He wasn't there. Nor were most of the names on a list of maybe 25 prominent blacks Higginbotham assembled after Gates told her of the gaps he was finding.

Gates called Casper Grathwohl, who headed Oxford's reference division, and told him he needed to publish a stand-alone African American reference work.

"Do you think you can fill it up?" Gates recalls Grathwohl asking.

Not a problem.

An initial database, compiled at the Gates-run W.E.B. Du Bois Institute for African and African American Research at Harvard, ran to more than 12,000 names. Many, brought to light by burgeoning research efforts in African American history over the last quarter century, remained virtually unknown outside the academy.

Gates and Higginbotham set out to turn that database into what Gates calls "the grandest history of the African American people ever written."

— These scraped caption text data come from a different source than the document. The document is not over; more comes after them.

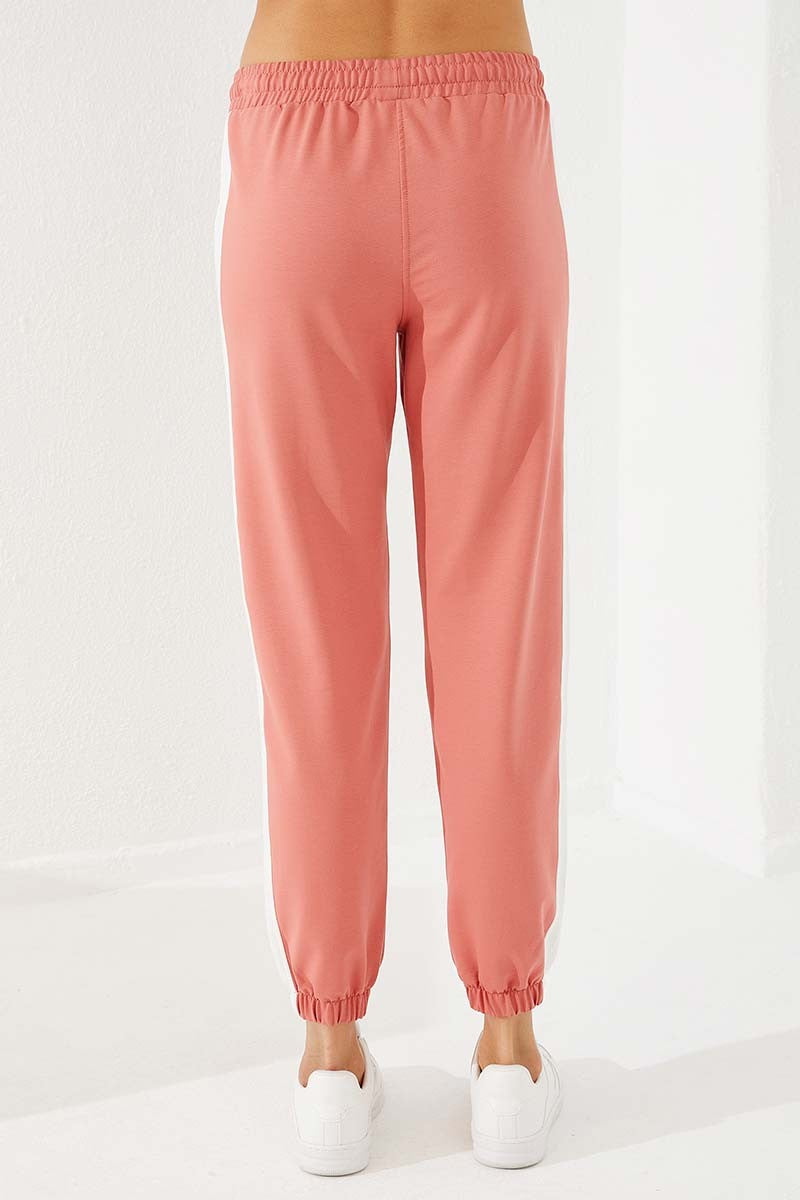 Powder Two-Tone Striped Comfort Fit Elastic Cuff Women's Tracksuit Bottom - 94582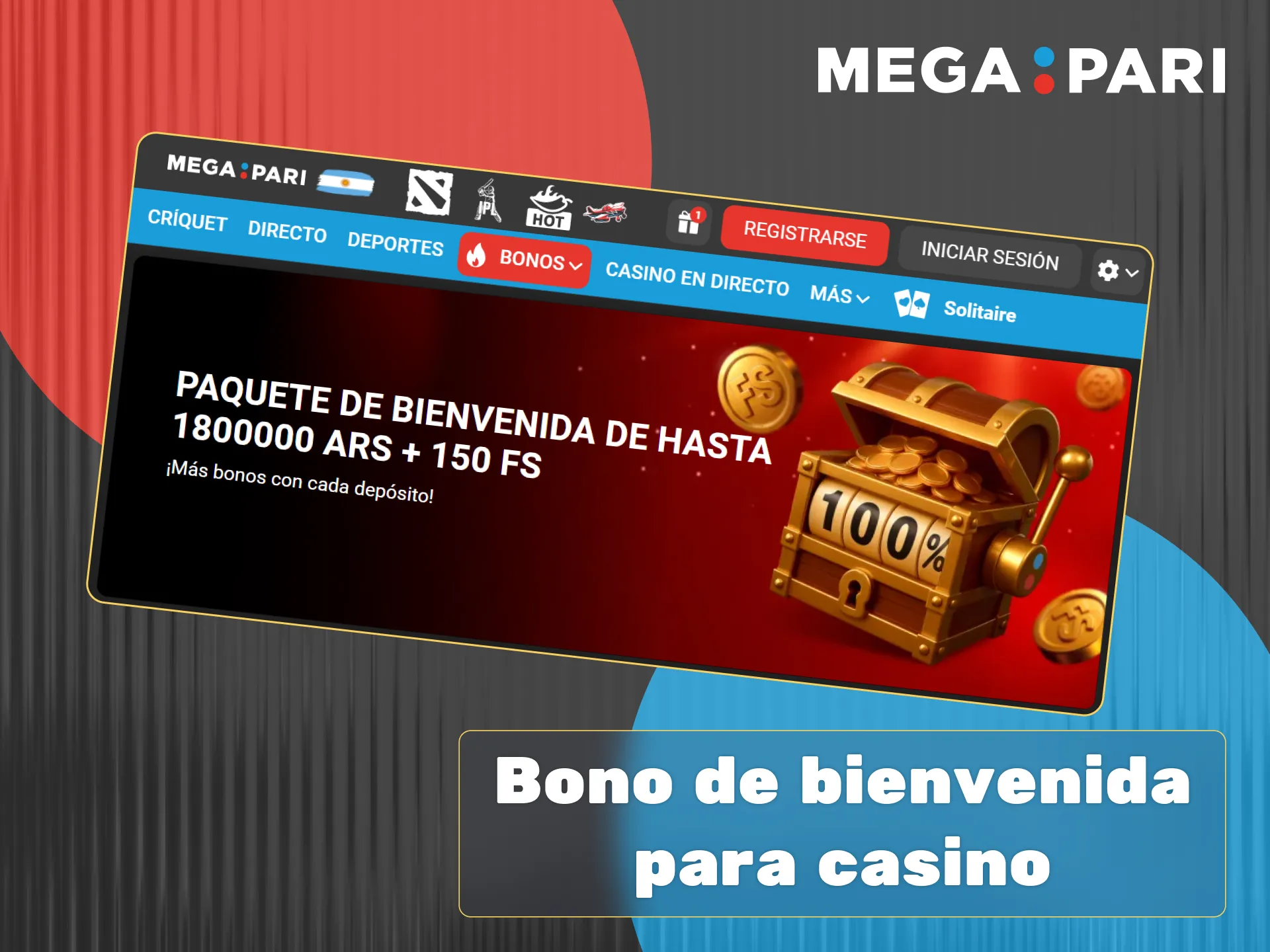 Reclama el bono de bienvenida del casino Megapari de hasta 1.800.000 ARS más 150 giros gratis.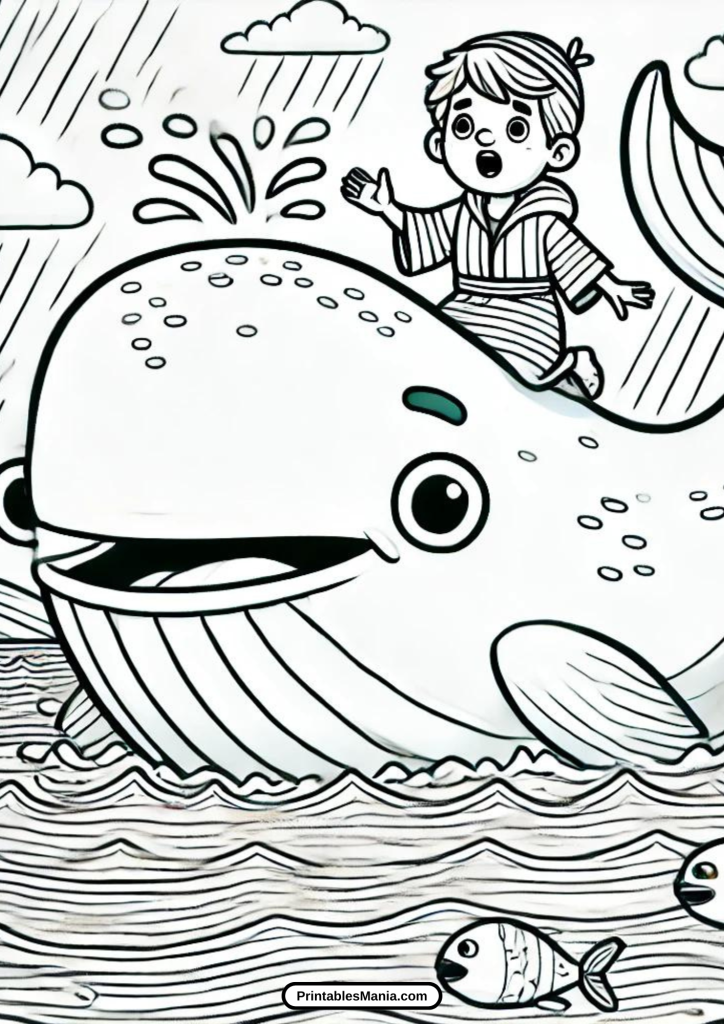 free printable jonah and the whale coloring page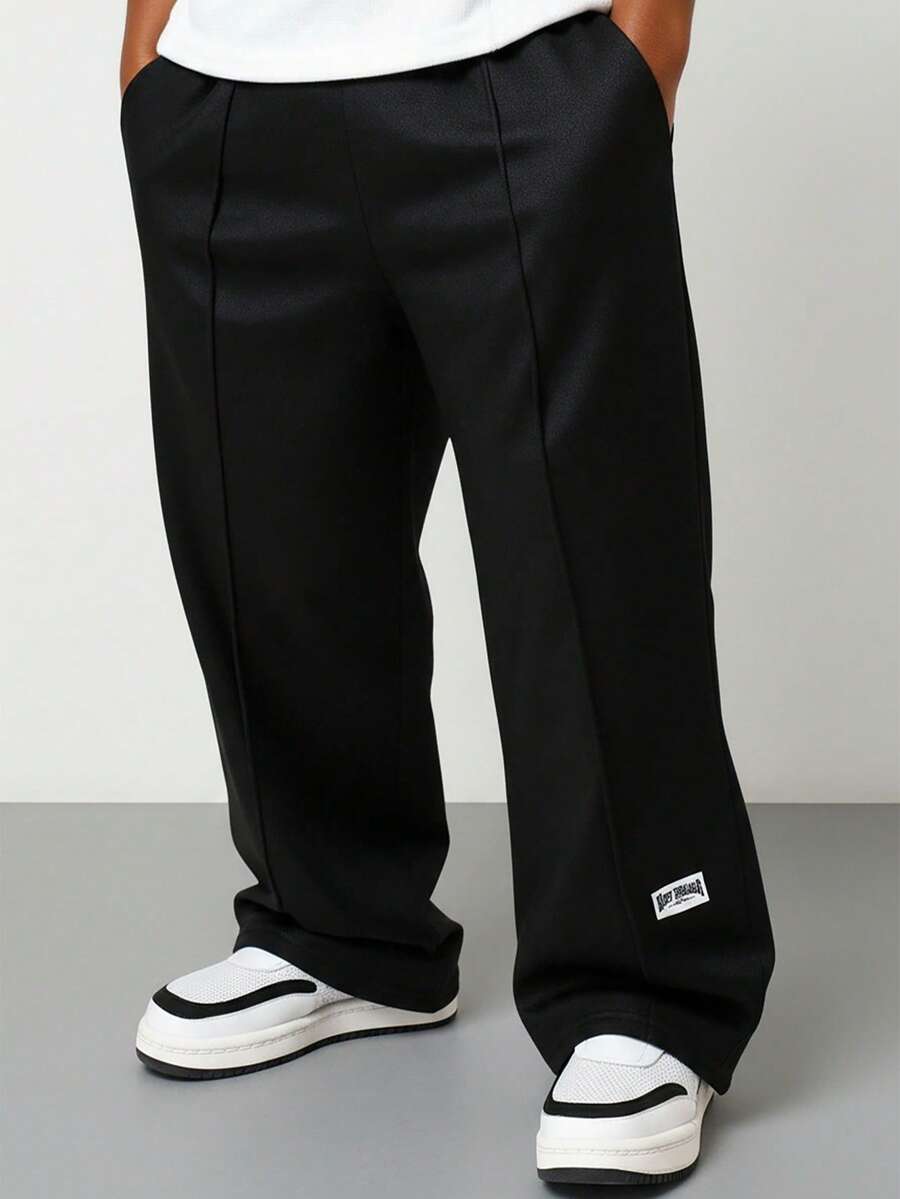 1pc Tween Boy Black Casual Sports College Style Straight Loose Trousers,Winter Back-To-School,Suitable For Birthday Parties,Weddings,Daily Wear,School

Members of the staff they assembled began work in 2002, based in the Du Bois Institute. By 2004, they had produced a handsome 600-entry volume called African American Lives that served as a kind of advertisement for the full biography. But soon after this, the editors began to fear that the larger project would never get done.

Indeed, Gates is a man who, asked what he's working on now, has trouble recalling the full list. His sabbatical project is "a book on race and the Enlightenment." Another book, "In Search of Our Roots," will be out in April. He's just gotten approval from Oxford University Press for a huge African biography project. There's a PBS show airing next month, the second to be based on African American Lives. Oh, and he's forgotten to mention "the big project I'm gearing up to do": an eight-hour PBS series on the history of the African American people -- "the whole sweep, from the slave trade to Barack Obama."